You can also switch to TCP, abandoning the default UDP configurations when you experience connection problems. However, be sure to change ports prior to switching your protocol, as many of the connectivity problems aren’t caused by the connection type, but because the ISP is blocking the VPN ports.
In regard to the slow transmission in TCP, it may also depend on how far you are from the VPN server. If you select the VPN server nearest to you, the slow connections will drop considerably.

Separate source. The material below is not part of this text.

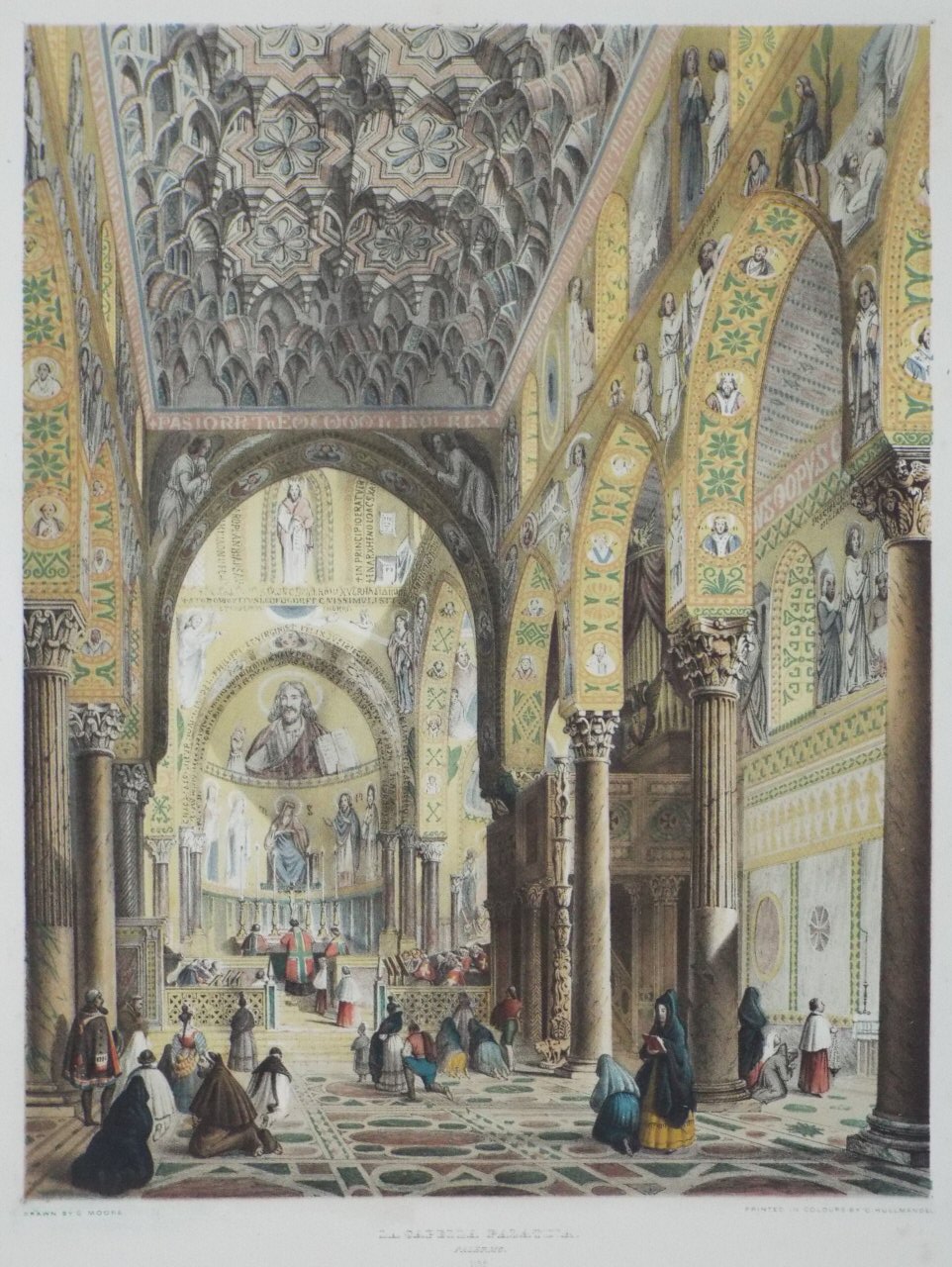 Lithograph - La Capella Palatina. Palermo. 1132 - Moore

Configuring ExpressVPN with OpenVPN
ExpressVPN is by far the best VPN provider in the industry. Like many VPN applications, even ExpressVPN uses OpenVPN by default when the protocol option is “Automatic.” As suggested by ExpressVPN’s website, users can choose the optimal protocol by changing the settings. This is just a two-step process:
1. Go to Options.
2. Select your preferred protocol.
OpenVPN Running on TCP Port 443 vs Government
Running OpenVPN over TCP brings extra advantages as well. This is about how to defeat the government censorship with TCP port 443. As many of us know, some countries, such as China, love to censor the internet and track their citizens’ internet traffic. These governments block any sites that don’t abide by their policies or share their beliefs.
This is why many people use VPNs: to bypass government firewalls. As these governments are aware of this countermeasure, they block VPNs, too. Fortunately, if you use OpenVPN over TCP, it would be nearly impossible for the government to block you.
You may have seen that secure websites start their URLs with https://. They use SSL or Secure Socket Layer, a standard security technology, to encrypt the data transmitted between a server and a user. Nowadays, almost all websites use SSL.
Due to the high prevalence of SSL, websites that use this technology are believed to be unblockable. Even China may find it difficult to block them. But this isn’t the most interesting part. The best part is that SSL uses not just any protocol and port, but the TCP protocol on port 443. As OpenSSL libraries are used in building OpenVPN, configuring TCP to run with port 443 is a piece of cake.
So, when the VPN is using OpenVPN over TCP on port 443, your VPN traffic seems like regular SSL traffic. There’s no way to identify the data, as they’re encrypted. Running OpenVPN over TCP port 443 will greatly increase your overall security and the strength of your digital defence.
TCP is and will be the dominant protocol for as long as it provides guaranteed delivery of data packets, reliability, error correction, and much more. But keep in mind the costs: latency and additional overhead. This is why even VPN providers use UDP as their default configuration, although it’s unreliable and connectionless.
Choosing what’s ideal for you doesn’t have to be difficult. It really just depends on whether you prioritize speed, or whether you prioritize reliability.